Having an AI system, a bot, an agent, whatever you want to call it, that tries to help you operate in that way, recognizing imperfection, recognizing the stochastic nature, you might say something and get a different answer, and learning how to work with that. People are going to be in relation with intelligence because that's the only way we know how to be with intelligence. People talk about anthropomorphizing, but that is happening.
Diane Gerson: I think that's dangerous.
Parker Mitchell: It might be dangerous, but it is happening anyway. And if it's dangerous, how do you handle it?

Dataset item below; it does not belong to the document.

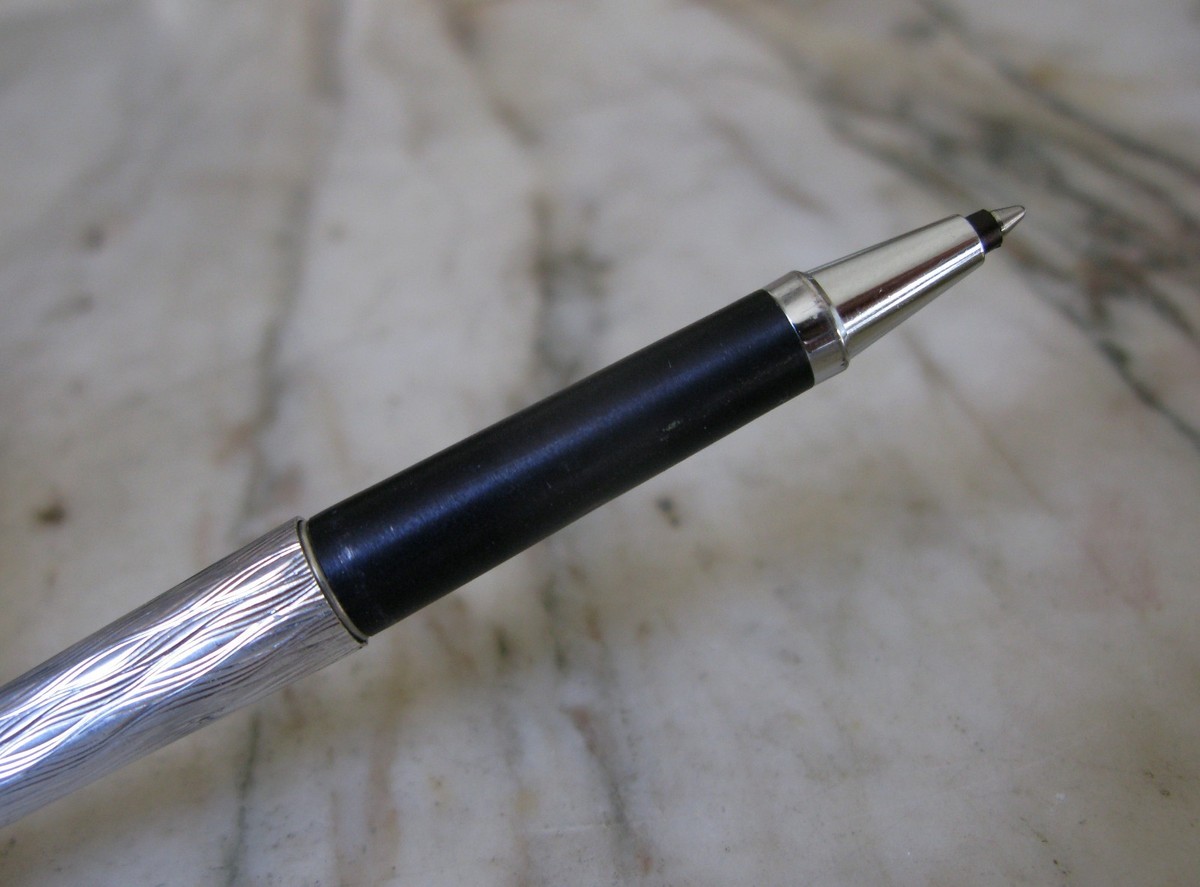 Stylo Roller Parker 180 Argent Finition écorce - RARE Et Superbe, Occasion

Diane Gerson: Humans have the ability to sense in the physical world. There's so much that we can be effective with. If we can see someone's presence, see their posture, see how they're breathing. There's a connection that you build that's even, am I right, David? Chemical between people. So that's what makes us human. And it's really important to run a business to be able to understand people because collaboration, negotiation, all of those things are the hardest things to get done inside of a company. AI is not going to make that happen.

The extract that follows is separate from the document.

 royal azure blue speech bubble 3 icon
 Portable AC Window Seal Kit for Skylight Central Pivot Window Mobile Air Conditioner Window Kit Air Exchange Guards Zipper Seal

So to be able to say to your employees, "You've got something AI does not have and we want to make it even better." I know Google's done a very good job at this recently, saying these are the skills that we want you to grow. They're human skills and they're really important. Critical thinking, collaboration.
Katy George: Actually, we're finding in our analysis that those skills are showing up in job applications and even more in job descriptions, more and more.

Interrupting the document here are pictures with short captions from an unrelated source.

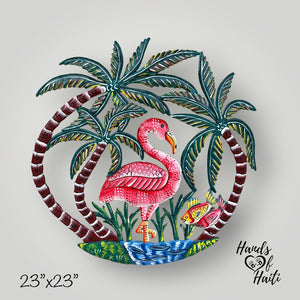 Flamingo with Palm Trees - Large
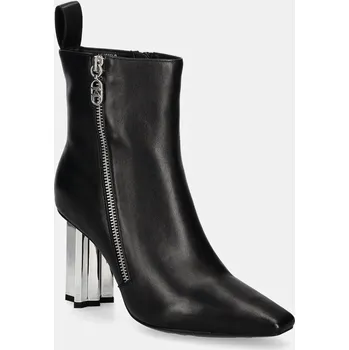 Dámské kozačky Kožené kotníkové boty Karl Lagerfeld KL TOWER dámské, černá barva, na podpatku, KL33964 KL33964.000 99X, EUR 39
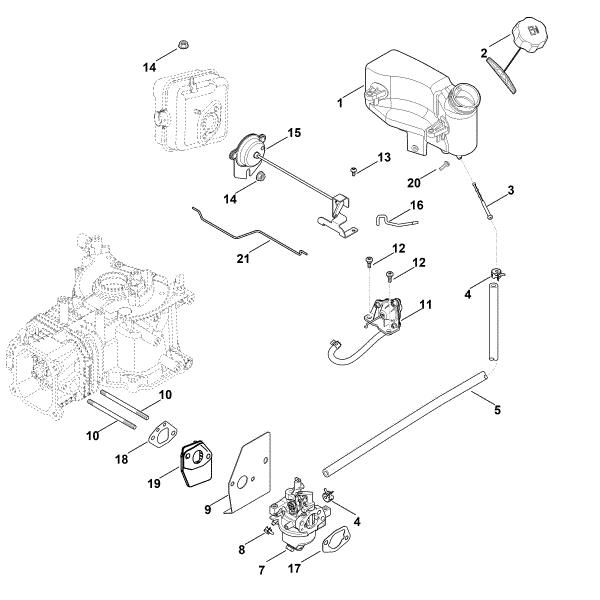 Picture of G - Carburettor, fuel line HD775 (HD775-3026)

What happens to the value of expertise when AI can level the playing field for less experienced workers?
Kevin Delaney: I want to quickly touch on this point of expertise. Katy, maybe you could kick it off because the early research about AI application in workplaces was among the call center research that Erik Brynjolfsson and other people were involved in. And what it found was that the less experienced workers benefited more from AI tools in a call center. They could handle more calls more effectively. And actually, the most experienced workers saw a drop in productivity from using AI. Part of it seemed to be that it was just a distraction. They knew what the answer was and they had this thing talking at them.
So one of the takeaways was: what happens to expertise? If you can have the people who don't have the expertise who can be more productive, maybe people who have special PhDs in statistics or incredibly specific tax code knowledge, maybe that's not valuable anymore because AI can supply that. Among the things you've looked at in your research, that challenges at least part of that, right?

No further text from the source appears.